Critical: Set the lang Attribute

HarfBuzz uses the lang attribute to select the correct shaping model. Without it, Devanagari may be shaped using the default (Latin) model, which disables all Indic-specific feature lookups. Always set lang="hi" (Hindi), lang="mr" (Marathi), lang="ta" (Tamil), lang="bn" (Bengali) on the <html> element or the innermost relevant container.

Unicode Range Breakdown

  • U+0900–097F — Devanagari core block
  • U+1CD0–1CFF — Vedic extensions
  • U+200C–200D — ZWNJ and ZWJ (control joiners)
  • U+20B9 — Indian Rupee sign ₹
  • U+25CC — Dotted circle (placeholder)
  • U+A8E0–A8FF — Devanagari extended

Subsetting Indic Fonts Safely

Font subsetting removes unused glyphs from a font file to reduce its size. For Latin fonts, this is straightforward: scan your content, identify the characters used, and strip everything else. For Indic fonts, this approach will break your rendering. Conjuncts require glyphs that may not appear as standalone characters in your content — a page that never uses the word क्षमा (forgiveness) may still need the conjunct क्ष glyph if any word on the page forms that cluster dynamically.

The safe rule is: include the entire Unicode block for your script, never individual code points. For Devanagari, that means always including U+0900–097F (128 code points), plus the Vedic extensions if your content includes Sanskrit or classical texts. This block-level inclusion ensures that every possible conjunct and vowel combination has the glyph data it needs.

Do NOT do this

# Dangerous: subsets to only characters
# found in content — breaks conjuncts
pyftsubset font.otf \
  --text-file=content.txt \
  --output-file=subset.woff2 \
  --flavor=woff2

This strips conjunct glyphs whose component code points may not appear in isolation in your content.

Safe subsetting approach

# Safe: always keep the full Unicode block
pyftsubset font.otf \
  --unicodes="U+0900-097F,U+1CD0-1CFF,
U+200C-200D,U+20B9,U+25CC,
U+A8E0-A8FF" \
  --layout-features="*" \
  --output-file=subset.woff2 \
  --flavor=woff2

The --layout-features="*" flag preserves all GSUB/GPOS tables — never omit it.

Preserve OpenType Tables

When using pyftsubset (part of fonttools), always pass --layout-features="*". By default, pyftsubset drops OpenType features it considers "unused" based on the included glyph set.
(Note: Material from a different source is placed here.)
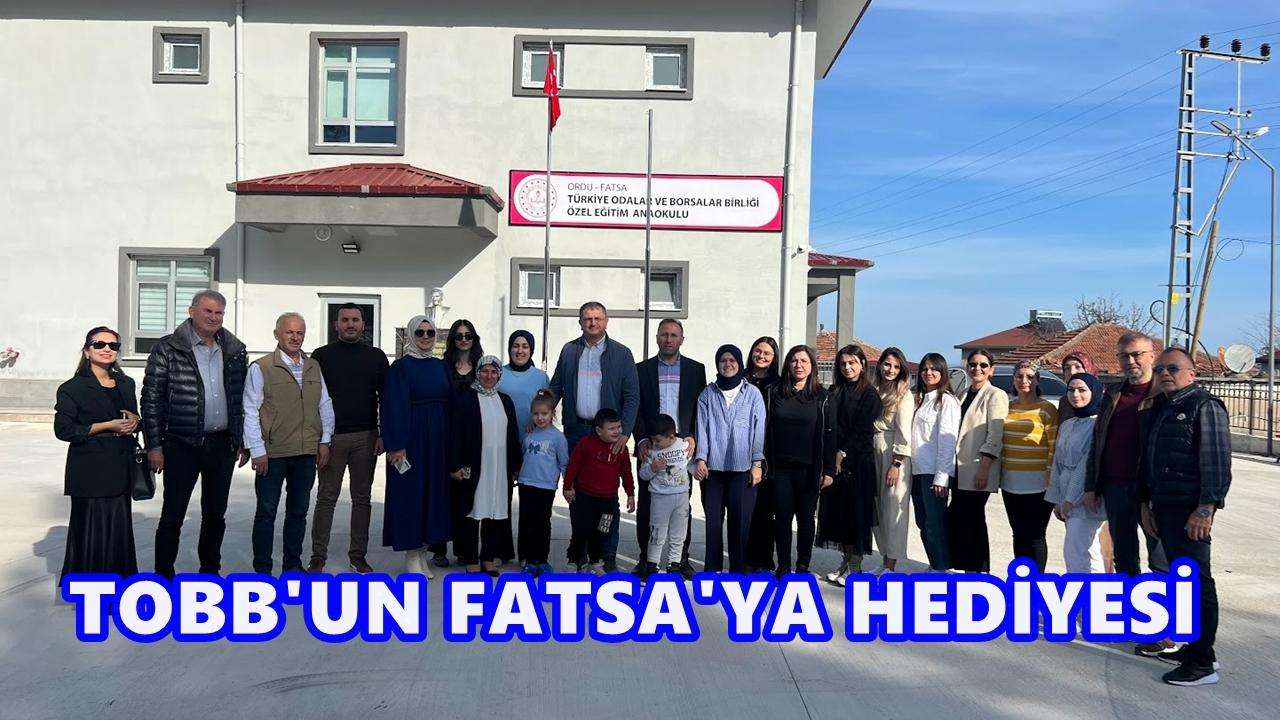 TOBB’un Fatsa’ya Armağanı Özel Eğitim Anaokulu Açıldı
For Indic scripts, this will silently delete the akhn, half, and pres lookups, producing a font that renders code points but not conjuncts. Use our Font Subsetter tool which applies the correct flags automatically.

Browser Rendering and HarfBuzz

HarfBuzz is the text shaping engine used by Chrome, Firefox, Android, and most Linux desktop environments. It is the de facto standard for Indic text rendering on the web. Safari (macOS and iOS) uses Apple's CoreText engine, which implements the same OpenType Indic specifications but with its own code. The two engines produce functionally identical output for well-formed fonts, but edge cases differ.

When a browser encounters Indic text, the rendering pipeline proceeds as follows:

  1. 1

    Unicode Bidi Algorithm

    The browser runs the Unicode Bidirectional Algorithm to detect text direction. Indic scripts are all left-to-right, but mixed Indic/RTL content (e.g., Devanagari + Arabic) requires correct embedding levels.

  2. 2

    Script Segmentation

    The engine breaks the text into runs by script. A string mixing Devanagari and Latin characters produces two separate runs, each shaped by the appropriate font and feature set.

  3. 3

    Syllable Segmentation

    HarfBuzz identifies syllable boundaries within each Indic run using the Unicode Cluster Boundaries algorithm combined with script-specific rules. This is where ZWNJ (U+200C) and ZWJ (U+200D) influence cluster formation.

  4. 4

    OpenType Feature Application

    HarfBuzz applies the GSUB lookups in the mandated order: akhn → rphf → rkrf → pref → blwf → half → pstf → vatu → cjct → cfar → then presentation features (pres, abvs, blws, psts, haln). GPOS mark positioning follows.

  5. 5

    Glyph Positioning

    After substitution, the engine runs GPOS to position glyphs. Indic mark positioning (vowel signs, anusvara, chandrabindu) depends on anchor points in the font. Missing anchors cause marks to stack at origin (0,0), producing collisions.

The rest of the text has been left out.